JATIROGO, PERHUTANI (31/12/2025) | Jelang akhir tahun, Perhutani Kesatuan Pemangkuan Hutan (KPH) Jatirogo memperkuat koordinasi lintas sektoral dengan Pemerintah Desa Jatisari, Kecamatan Bancar, Kabupaten Tuban guna meningkatkan keamanan dan kelestarian hutan di wilayah perbatasan, yang dilaksanakan di rumah Kepala Desa Jatisari, Rabu (31/12).
Wakil Administratur Perhutani KPH Jatirogo, Giman, menyampaikan bahwa sinergi dengan pemerintah desa menjadi kunci untuk mendeteksi dini potensi Gangguan Keamanan Hutan (Gukamhut), seperti pembalakan liar, perambahan, dan kebakaran hutan.
“Keamanan hutan bukan tanggung jawab Perhutani semata, tetapi tanggung jawab bersama seluruh elemen masyarakat dan pemerintah desa. Melalui koordinasi intensif dengan Kepala Desa dan jajaran Pemerintah Desa, kami berharap potensi Gukamhut dapat segera terdeteksi dan ditangani secara cepat serta efektif. Keterlibatan aktif masyarakat desa sangat penting untuk menciptakan hutan yang aman dan lestari,” ujar Giman.
Kepala Desa Jatisari, Joko Pitono, menyambut baik inisiatif ini dan menegaskan komitmen Pemdes mendukung pengamanan hutan. “Kami siap bersinergi dan berkoordinasi optimal dengan Perhutani.

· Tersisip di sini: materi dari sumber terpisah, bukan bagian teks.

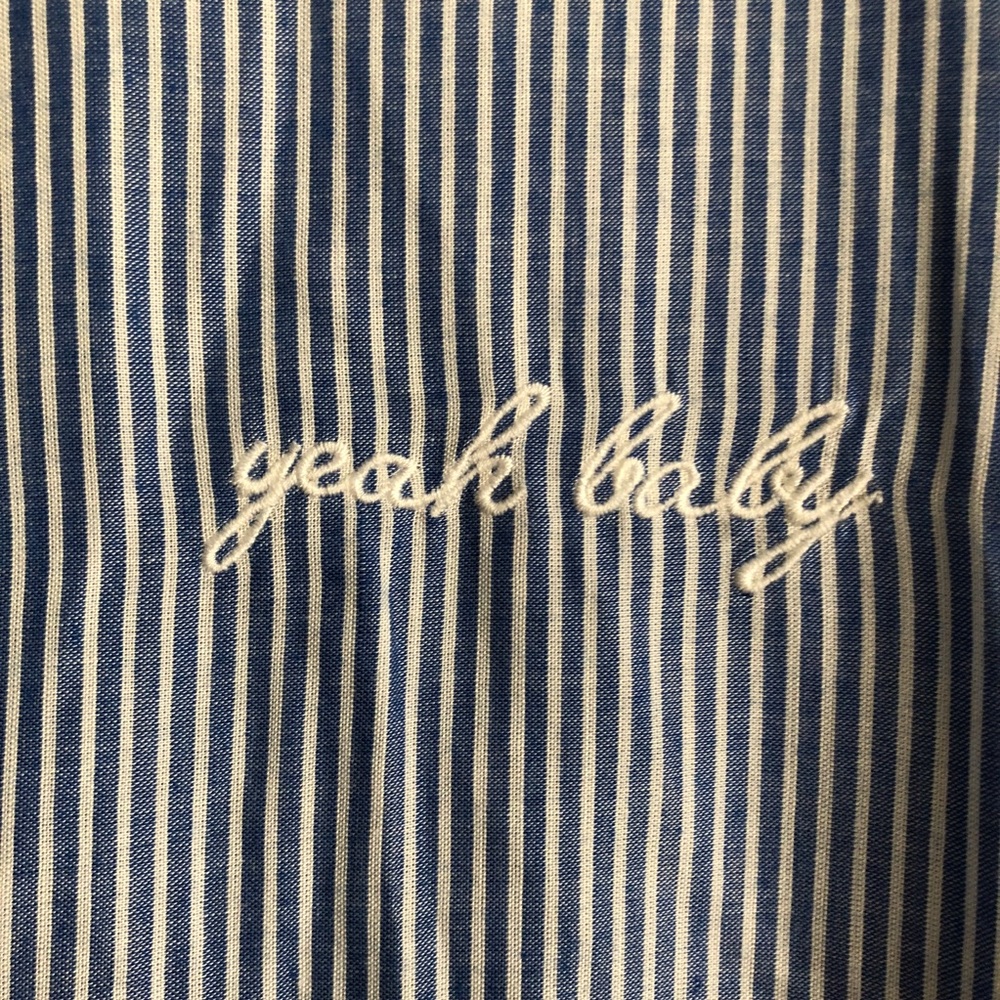 Statement • “Yeah Baby” Button Down - Picture 4 of 7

Perangkat desa dan Lembaga Masyarakat Desa Hutan (LMDH) akan lebih proaktif memantau wilayah hutan dan melaporkan setiap aktivitas mencurigakan. Hutan yang aman dan lestari juga berdampak positif bagi kesejahteraan masyarakat, terutama dalam pengelolaan sumber daya hutan secara berkelanjutan,” tegasnya.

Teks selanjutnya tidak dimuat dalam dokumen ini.